# Nutrafin CO2



## shamrock62081 (Jan 29, 2006)

I recently purchased the Nutrafin CO2 Natural Plant system for my 20 gallon. I was wondering how many bubbles per minute should the system emit. I've had it running for a week now and it's running about 4 bubbles per minute, which seems a little low in my opinion. I'm using the packets included for now, but am also looking for recipes. I have all of the ingredients, but bought the system due to the high recommendation of the ladder syster. Thanks for the help!


----------



## houseofcards (Feb 16, 2005)

Other than the ladder diffusor which is adequate for a small tank the nutrafin system is just basically baking soda and yeast in a nicer looking container.

Many aquarist simply mix sugar, yeast and baking soda in a plastic soda bottle with an airline tube attached to accomplish the same thing. 

If you are getting 4 bubbles per minute that is going to do nothing for your plants. You should be getting a bubble every few seconds.


----------



## lora (Jan 19, 2006)

Make sure your lid is on REALLY tight.


----------



## John N. (Dec 11, 2005)

When using the packets that come with the Nutrafin System, it's highly probably that the yeast in the packet is old and will not yield great results.

I recommend using a different recipe for the Hagen canister instead of the packets. Plus this is cheaper. Get a Yeast package from the grocery store.

*Recipe for Hagen Nutrafin Canister*
Fill with sugar until the first inside line/rung
Fill with water to the top line
1/4 teaspoon of active rise yeast
1 teaspoon of baking soda

Tighten the lid as tight as possible. You should get around 16-25 bpm.

If you are still not getting the bubble count you want, add another 2 liter bottle and attach it to the line using a T-valve.

-John N.


----------



## shamrock62081 (Jan 29, 2006)

John,
thanks for the info. I tried the recipe and and am getting 7bpm after 5 minutes. will i get more bubbles after it sits a couple hours? I've got the lid as tight as I can get it. thanks!


----------



## John N. (Dec 11, 2005)

shamrock62081 said:


> John,
> thanks for the info. I tried the recipe and and am getting 7bpm after 5 minutes. will i get more bubbles after it sits a couple hours? I've got the lid as tight as I can get it. thanks!


Undoubtly yes. Time will tell how much it will produce, you're gonna be looking for at least 15-20 bpm. If you want to increase that, get a Gatorade liter bottle, or a 2 liter bottle, hook it up to the hagen line using a t-valve. That should give you double the bpm. Also it helps to stabilize the DIY CO2, since when one bottle runs it's course, you can replace it, while the other one is still producing. There's no delay in co2 production.
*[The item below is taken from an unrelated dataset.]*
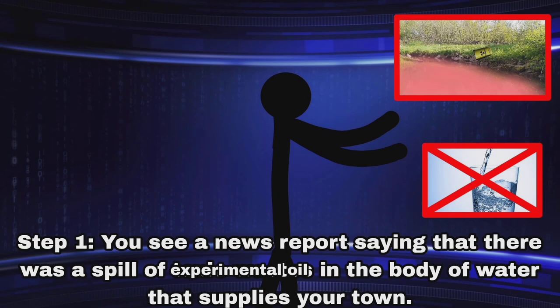How to prepare for disaster. Step 1: You see a news report saying that there was a spill of experimental oil in the body of water that supplies your town.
I'm happy that it's working out, let us know how much it produces in after a day or so. That should be your final bpm rate for about 2-3 weeks.

-John N.


----------



## shamrock62081 (Jan 29, 2006)

I think I have my problem figured out. I think the temperature of my room was too low to get a good bubble count going, so I raised the temp. I'm now getting 9 bubbles per minute and I'm going to add a 2L bottle as well to get the count up a little higher.


----------